Fixating on Steffanie moving from sci-fi to writing lucrative sex-books, Fanning missed the real message here: that Steffanie had a total career change due to workplace discrimination. She then compared Steffanie’s work to 50 Shades of Grey, calling it ‘ghastly’, despite it being the world’s highest selling romance novel with over 150 million copies sold since publication.
“Now. Let’s assume that you can do that based on how successful you are,” Fanning continued. “How did you turn that into something that pays for the groceries and not only that has made you a very wealthy woman?”

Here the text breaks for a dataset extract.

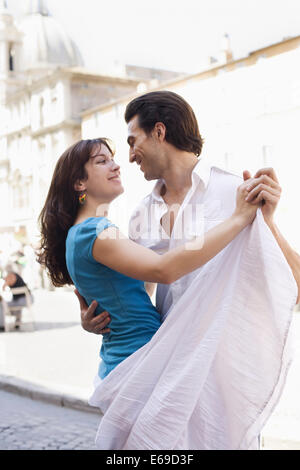 Caucasian couple dancing on city street Stock Photo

There’s no assumption. Steffanie Holmes is a best-selling indie author powerhouse. She’s a sought-after speaker, an educated and intelligent entrepreneur, and an icon for so many people wanting to build a successful career.
And why does it always come back to women earning enough to ‘buy the groceries’? Why are we still surprised when we learn that creative people - and it seems women in particular - are earning a decent living from their talent, skills, and expertise? Why do we think that groceries are the biggest concern for an entrepreneur who is writing and publishing her own books and paying for professional editors, cover designers, and more?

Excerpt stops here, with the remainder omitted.